All pictures are to be dropped, and the remaining data set down exactly.

╭─ DATA

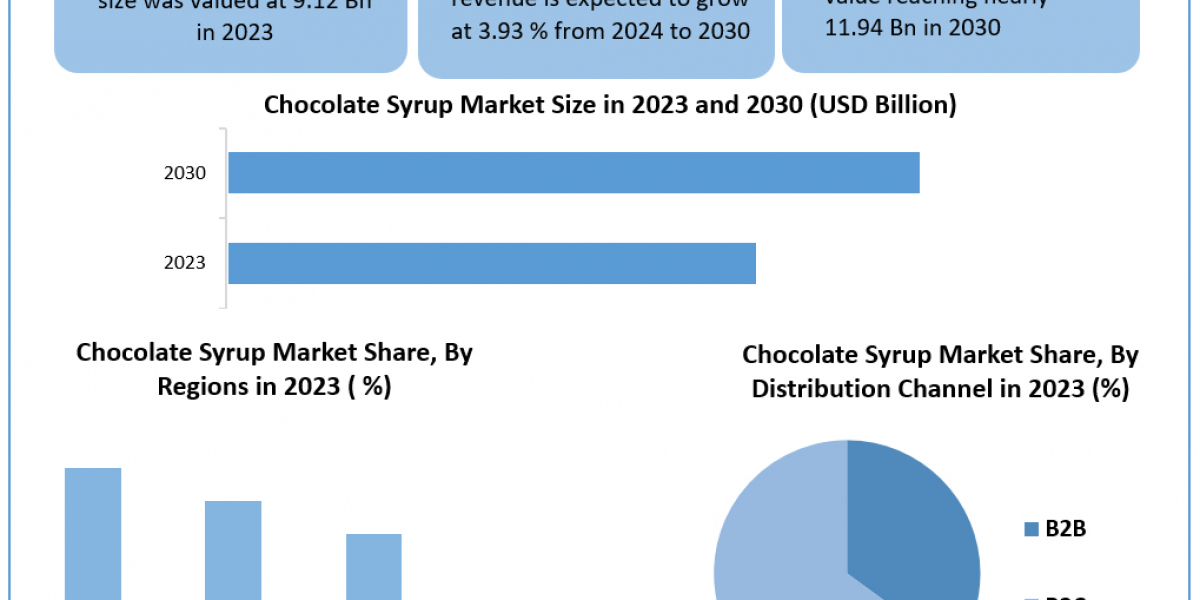 Chocolate Syrup	Market Mastery: Size, Share, Revenue, and Worth Statistics Overview | 2024-2030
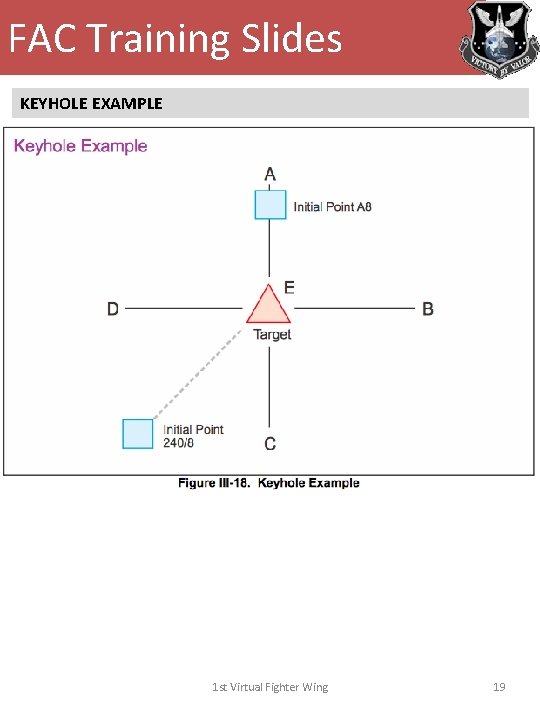 FAC Training Slides KEYHOLE EXAMPLE 1 st Virtual Fighter Wing 19 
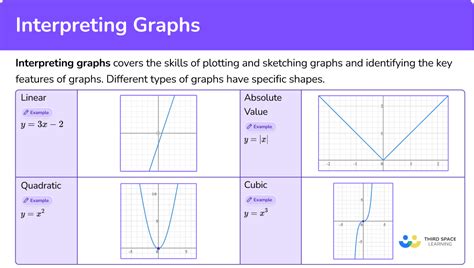 Interpreting Excel Graph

╰─

[ANSWER SPACE]
 Chocolate Syrup	Market Mastery: Size, Share, Revenue, and Worth Statistics Overview | 2024-2030
 FAC Training Slides KEYHOLE EXAMPLE 1 st Virtual Fighter Wing 19 
 Interpreting Excel Graph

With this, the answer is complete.